De ervaring van onze zonden mag ons daarom niet aan onze opdracht doen twijfelen. Zeker, onze zonden kunnen het moeilijker maken om Christus te herkennen. Daarom moeten we de confrontatie met onze persoonlijke ellende aangaan en zuivering zoeken, maar in het besef dat God ons in dit leven niet de absolute overwinning over het kwaad heeft beloofd, maar dat Hij ons vraagt om te strijden. Sufficit tibi gratia mea, Mijn genade is u genoeg,[2 Kor 12, 9) was het antwoord van God toen Paulus Hem vroeg bevrijd te worden van de angel die hem vernederde.

De macht van God manifesteert zich in onze zwakheid en spoort ons aan om tegen onze fouten te strijden, ook al weten we dat we op deze aardse reis nooit de volledige overwinning zullen behalen. Het christelijk leven is een voortdurend beginnen en opnieuw beginnen, een dagelijkse vernieuwing.

Als wij in zijn kruis en in zijn sterven delen, wordt de verrijzenis van Christus werkelijkheid in ons. We moeten van het kruis, van de overgave en van de versterving houden. Christelijk optimisme is geen luchthartig en ook geen simpel menselijk vertrouwen dat alles wel goed zal gaan. Het is een optimisme dat is geworteld in het besef van onze vrijheid en in het geloof in de genade. Dit optimisme verplicht ons om eisen aan onszelf te stellen en ons in te spannen om aan de oproep van God te beantwoorden.

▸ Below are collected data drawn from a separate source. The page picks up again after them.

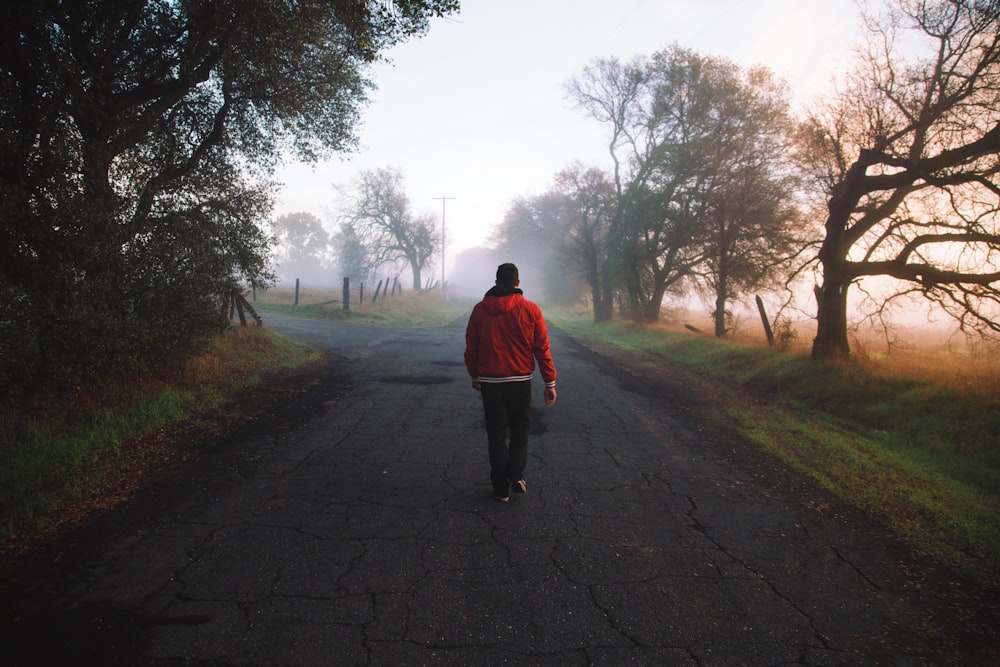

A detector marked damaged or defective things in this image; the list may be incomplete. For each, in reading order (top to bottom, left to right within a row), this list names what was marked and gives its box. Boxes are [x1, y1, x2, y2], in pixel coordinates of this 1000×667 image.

cracked asphalt road [1, 314, 1000, 667]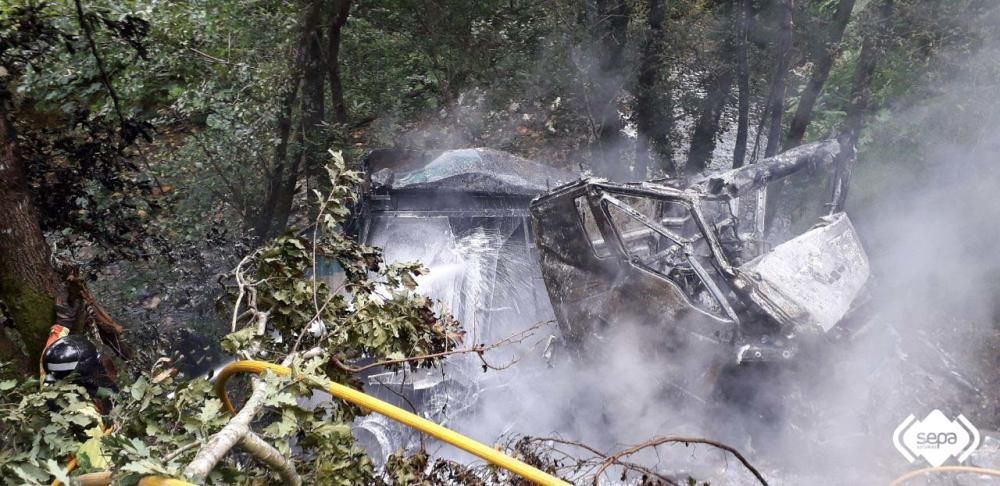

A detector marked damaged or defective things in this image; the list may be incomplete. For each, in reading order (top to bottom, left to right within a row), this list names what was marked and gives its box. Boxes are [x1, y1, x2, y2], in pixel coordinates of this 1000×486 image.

burned vehicle wreck [532, 139, 868, 362]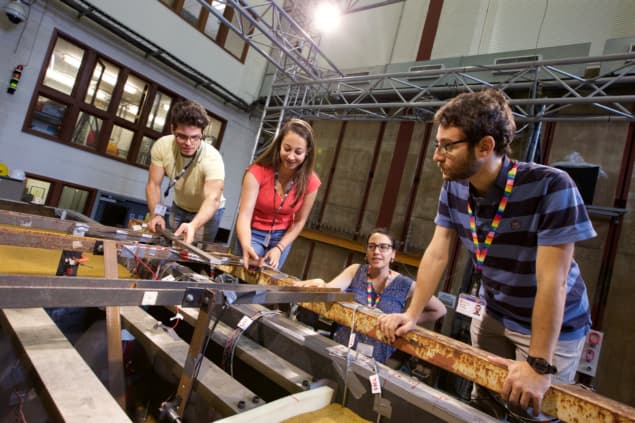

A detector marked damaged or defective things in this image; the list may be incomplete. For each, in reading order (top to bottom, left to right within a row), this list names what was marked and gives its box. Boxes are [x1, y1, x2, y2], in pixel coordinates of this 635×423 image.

rusty beam [215, 264, 635, 422]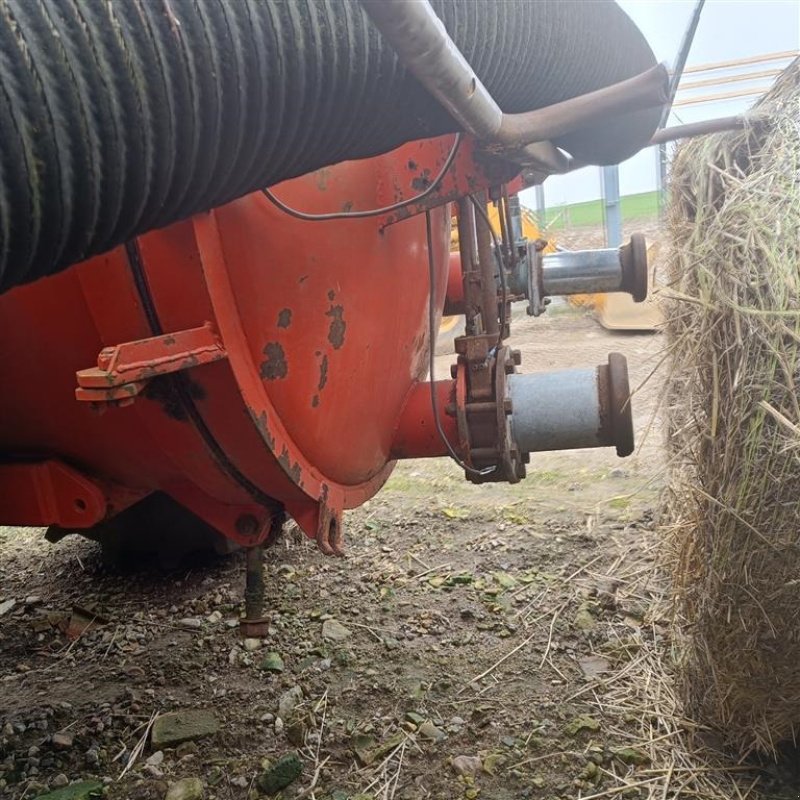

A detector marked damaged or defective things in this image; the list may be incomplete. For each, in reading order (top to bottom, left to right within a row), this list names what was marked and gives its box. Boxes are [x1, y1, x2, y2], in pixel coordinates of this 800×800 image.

chipped paint [276, 308, 292, 330]
chipped paint [324, 304, 346, 348]
rust spot [326, 304, 346, 348]
rusty metal bracket [75, 320, 227, 404]
chipped paint [260, 340, 288, 382]
rust spot [260, 342, 288, 382]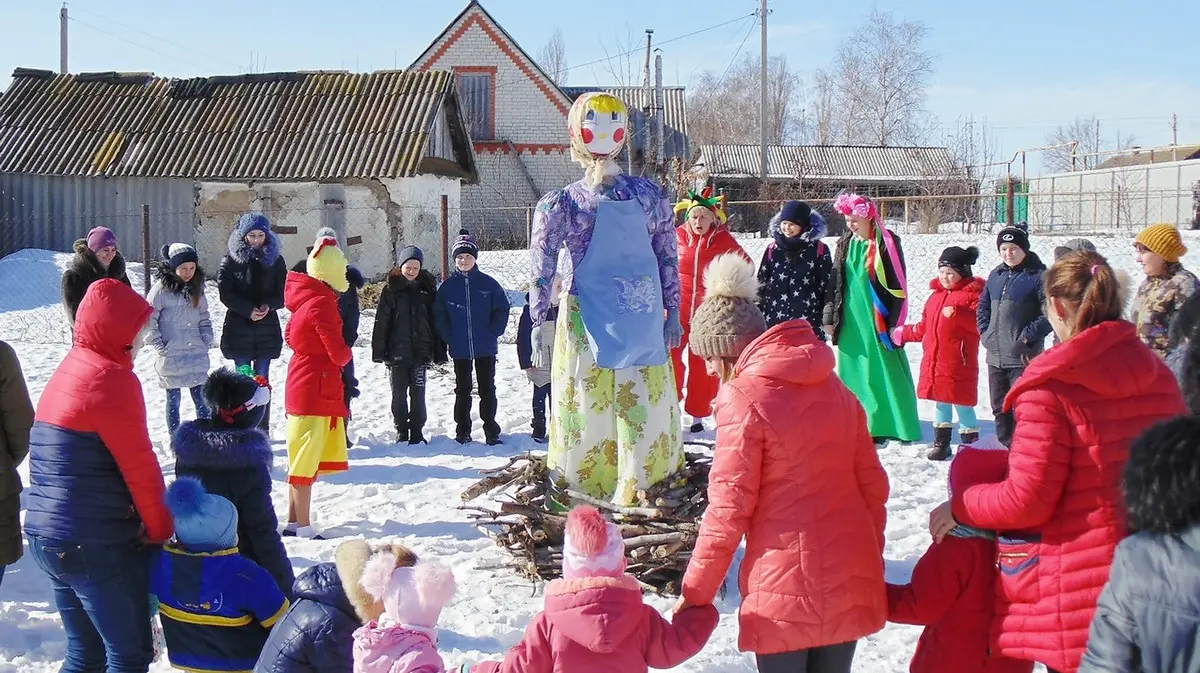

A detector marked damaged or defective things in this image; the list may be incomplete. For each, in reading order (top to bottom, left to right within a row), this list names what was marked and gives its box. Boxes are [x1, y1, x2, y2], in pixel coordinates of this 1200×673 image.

rusty metal roof [0, 67, 477, 181]
rusty metal roof [564, 85, 696, 159]
rusty metal roof [696, 143, 955, 182]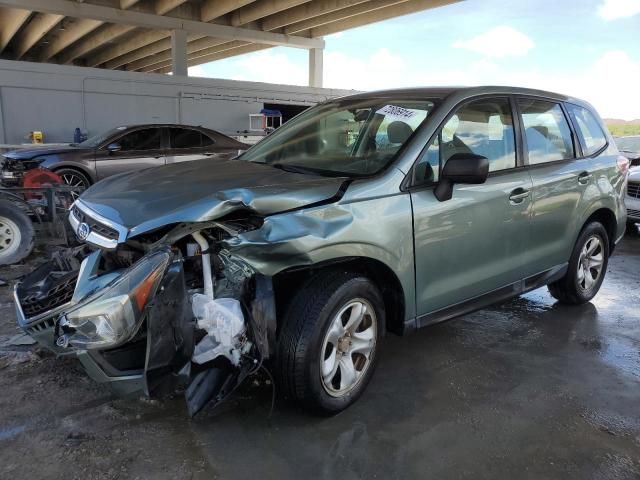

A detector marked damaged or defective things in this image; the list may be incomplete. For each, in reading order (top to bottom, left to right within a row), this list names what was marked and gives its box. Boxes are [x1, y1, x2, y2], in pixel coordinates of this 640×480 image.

bent hood [4, 144, 86, 161]
cracked headlight [56, 249, 171, 350]
damaged bumper [13, 242, 276, 414]
crushed front end [15, 201, 276, 414]
bent hood [81, 158, 350, 237]
damaged green suv [12, 87, 628, 416]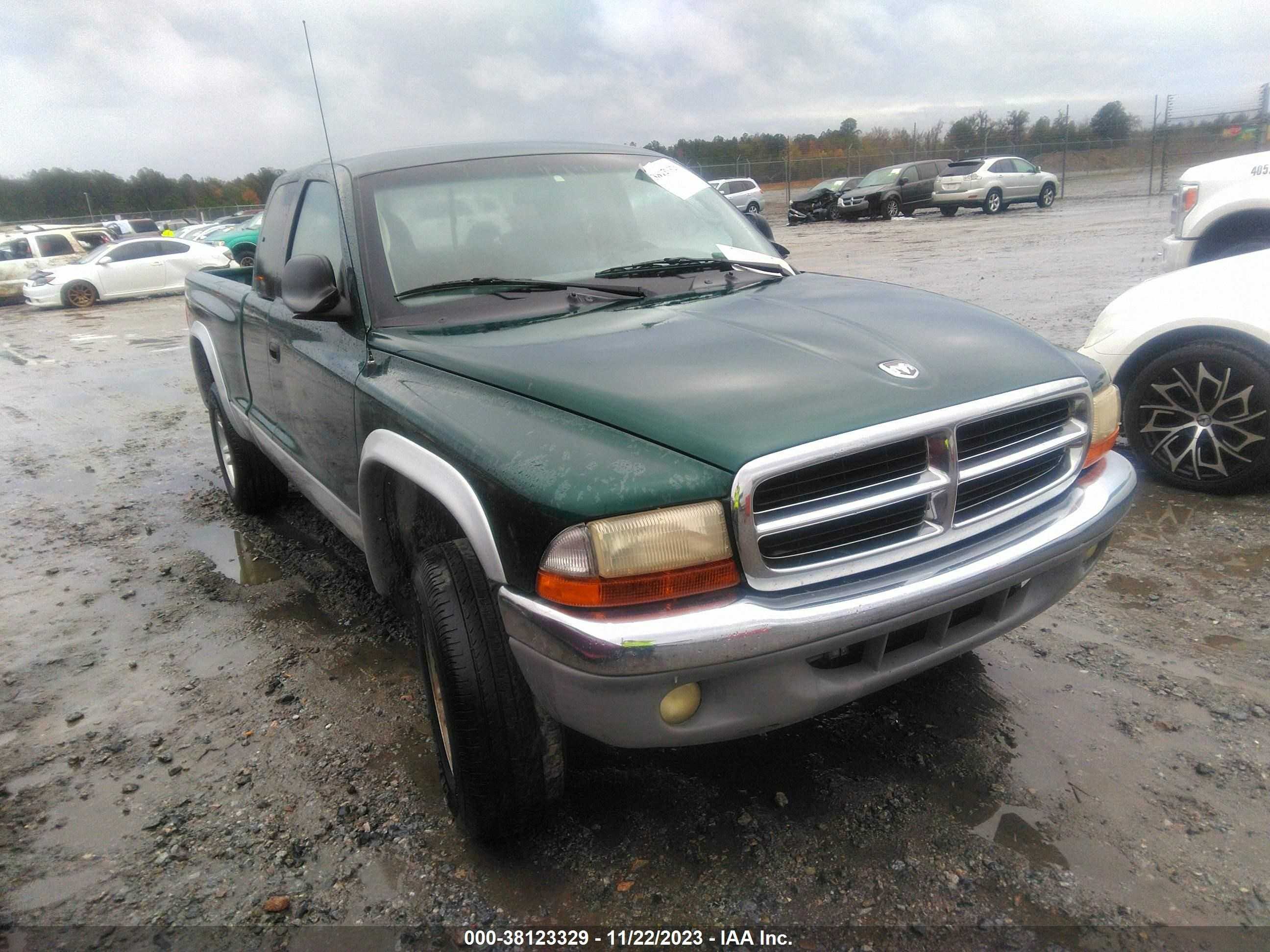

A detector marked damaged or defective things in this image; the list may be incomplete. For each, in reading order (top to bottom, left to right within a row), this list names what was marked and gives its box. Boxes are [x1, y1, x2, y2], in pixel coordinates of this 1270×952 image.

damaged vehicle [186, 139, 1129, 842]
damaged vehicle [784, 174, 862, 223]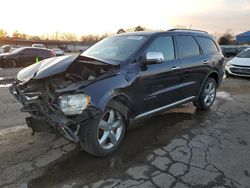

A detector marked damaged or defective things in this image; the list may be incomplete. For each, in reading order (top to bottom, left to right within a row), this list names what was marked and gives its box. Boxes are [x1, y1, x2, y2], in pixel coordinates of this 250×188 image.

damaged hood [17, 55, 77, 82]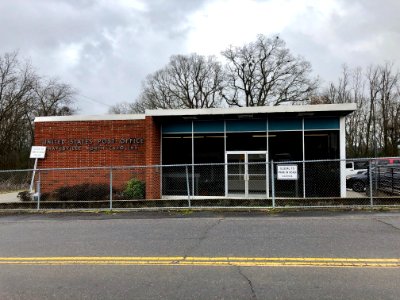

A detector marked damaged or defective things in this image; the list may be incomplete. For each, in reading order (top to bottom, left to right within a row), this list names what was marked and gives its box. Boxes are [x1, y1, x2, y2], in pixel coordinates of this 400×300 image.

crack in pavement [183, 218, 223, 258]
crack in pavement [238, 266, 256, 298]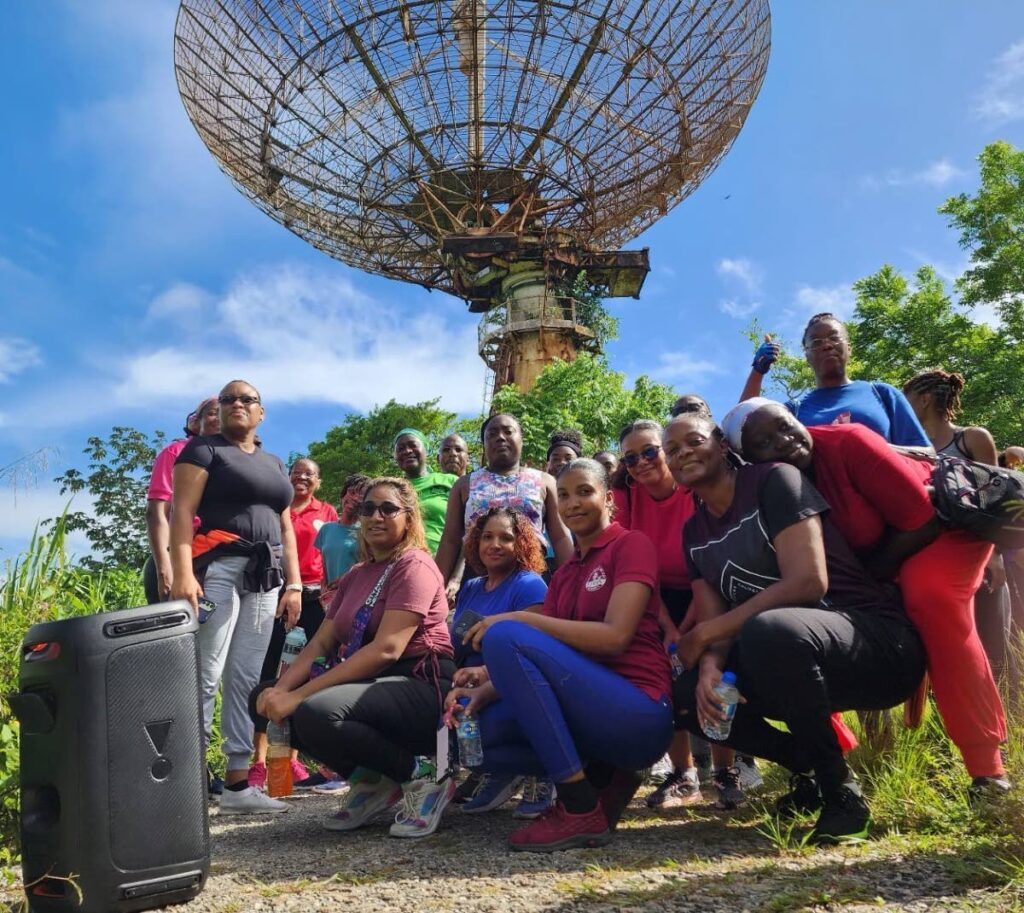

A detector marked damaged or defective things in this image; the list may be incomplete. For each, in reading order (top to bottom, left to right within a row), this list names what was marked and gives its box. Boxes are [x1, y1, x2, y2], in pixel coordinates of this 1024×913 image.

rusty metal tower [174, 0, 770, 393]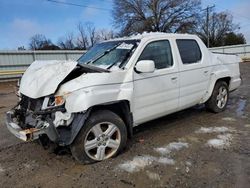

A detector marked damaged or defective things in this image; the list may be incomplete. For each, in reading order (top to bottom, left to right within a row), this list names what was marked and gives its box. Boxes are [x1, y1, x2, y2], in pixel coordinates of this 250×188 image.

Christus openbaart zich dus niet ondanks onze ellende, maar in zekere zin door onze ellende, door ons leven van mensen van vlees en leem. Hij openbaart zich in onze inspanning om een beter mens te worden, in onze liefde die zuiver probeert te zijn, in onze strijd ons egoïsme de baas te worden en ons helemaal aan anderen te geven en van ons leven een voortdurende dienst te maken.